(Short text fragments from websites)
|---|
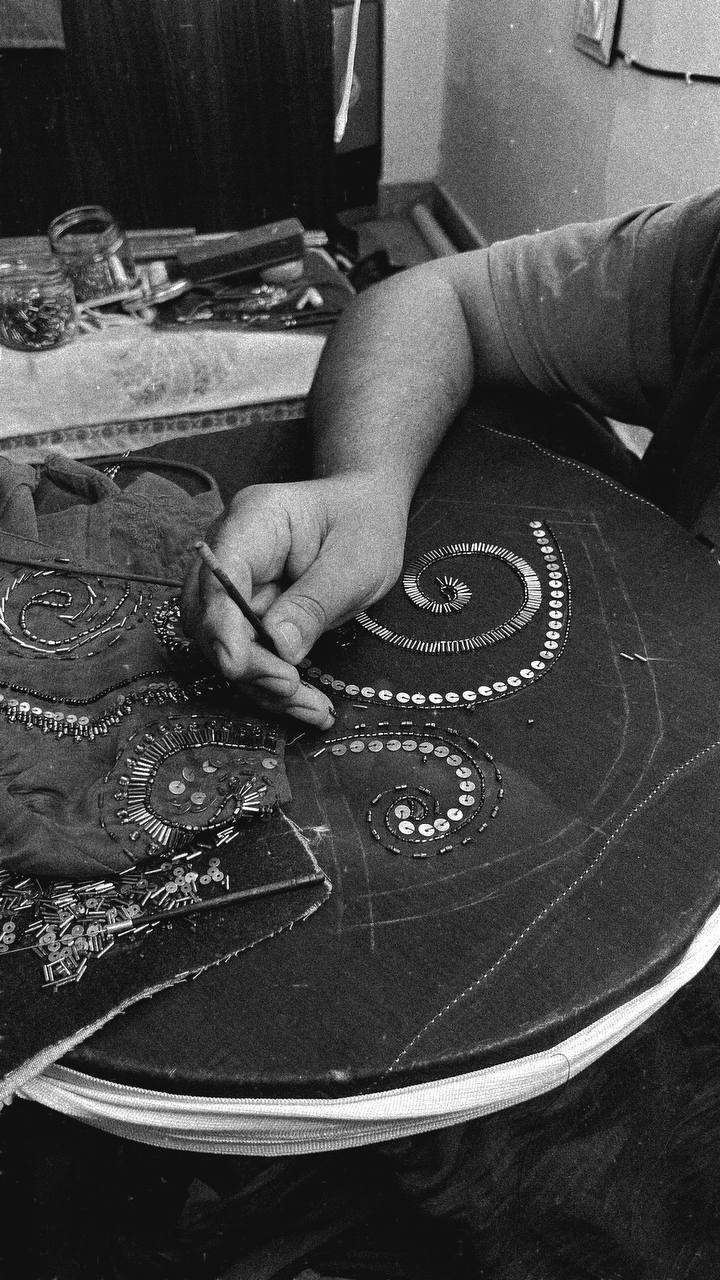 A black and white close-up of a person working on adda, applying metallic embellishments in spiral patterns.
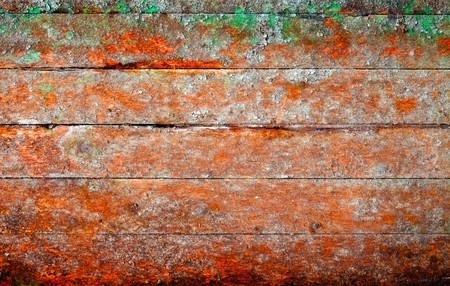 Very old rotten boards with stains of different color - a background in style of a retroの写真素材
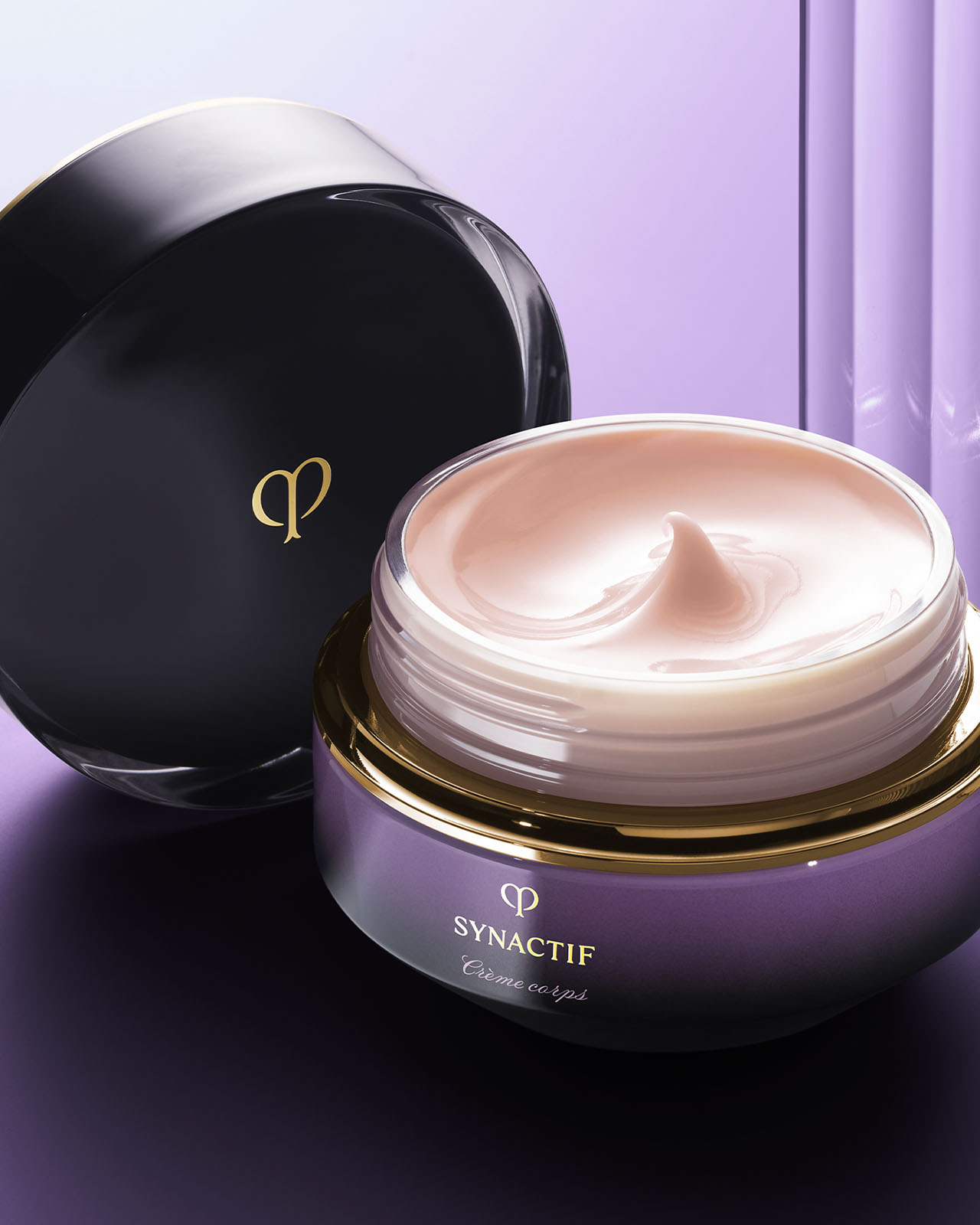 Photo of an open jar of SYNACTIF body cream, showing the soft, pale pink cream inside with its black cap leaning against it. The scene is set against a soft purple and white gradient background.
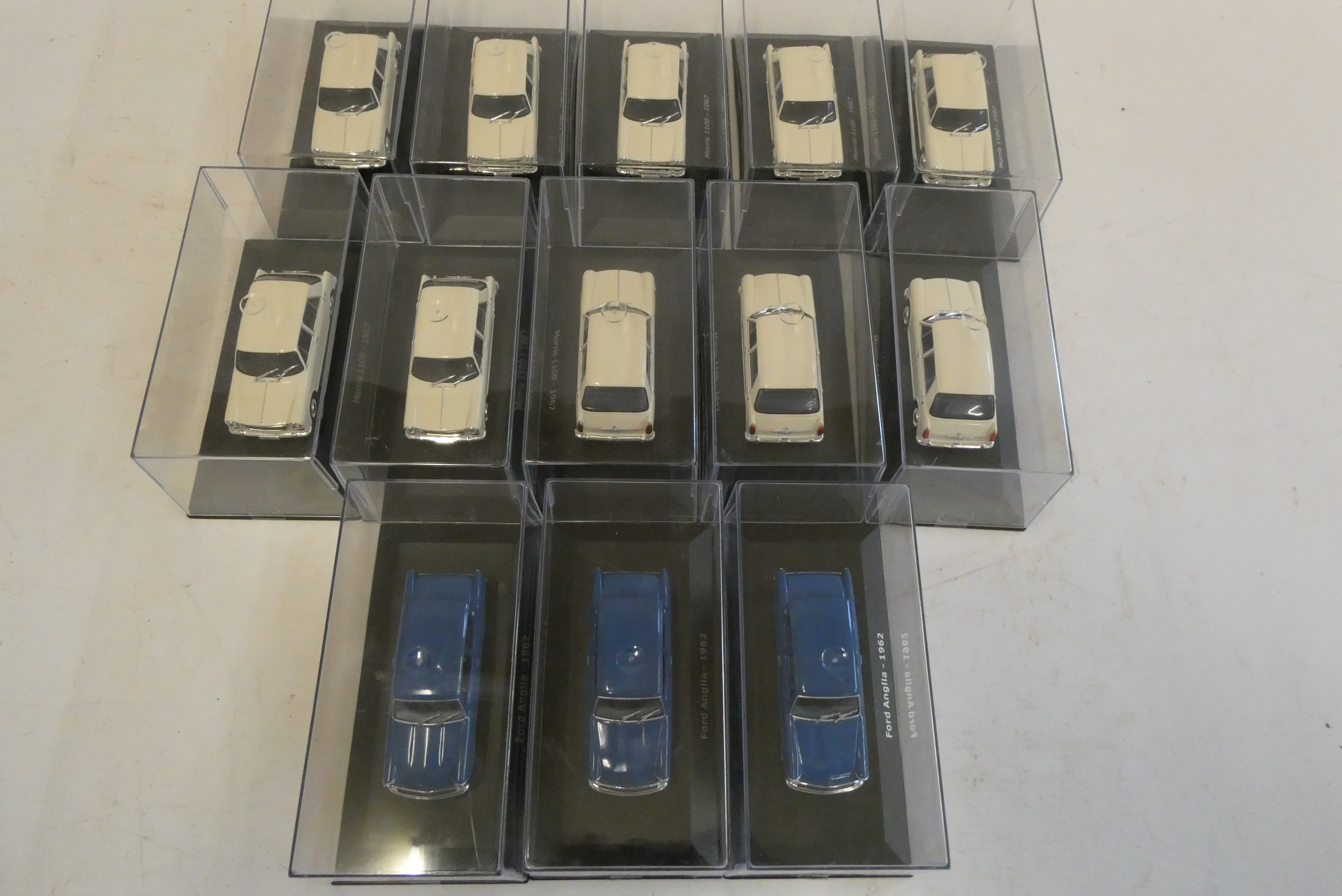 Diecast 1:43 scale cars comprising 10 Morris 110 1967 in white and three blue Ford Anglia, all items Image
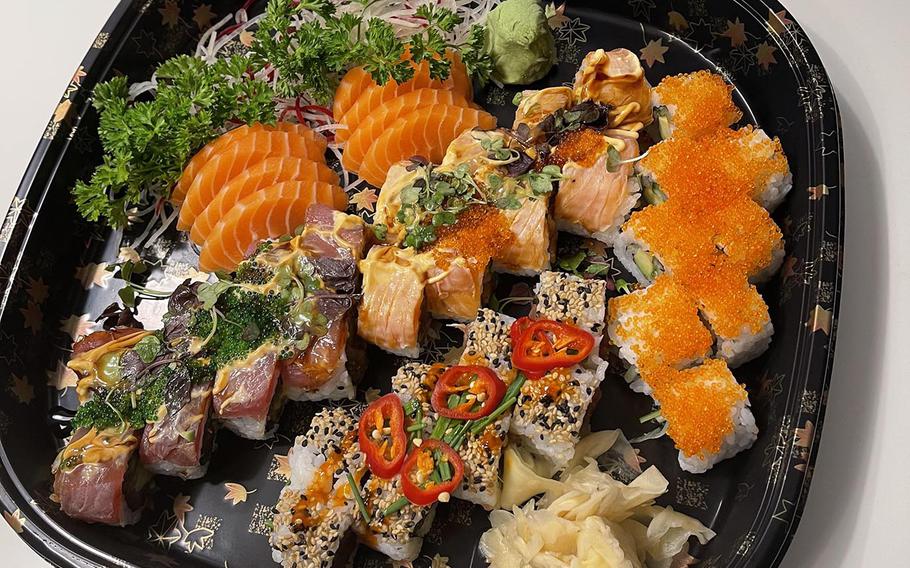 A variety of items from Kokoro including salmon sashimi, pirikara, California, momo and midori rolls.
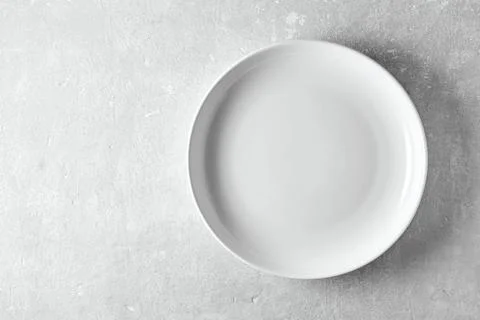 Empty white plate on a gray stone background. Template for displaying food on Stock Photos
|---|
• _TASK ITEM_: Pictures do not belong in the copy. Repeat only the lines from the top of the records through the line containing "Very old rotten".

• _RESULT FOR THIS TASK_:
 A black and white close-up of a person working on adda, applying metallic embellishments in spiral patterns.
 Very old rotten boards with stains of different color - a background in style of a retroの写真素材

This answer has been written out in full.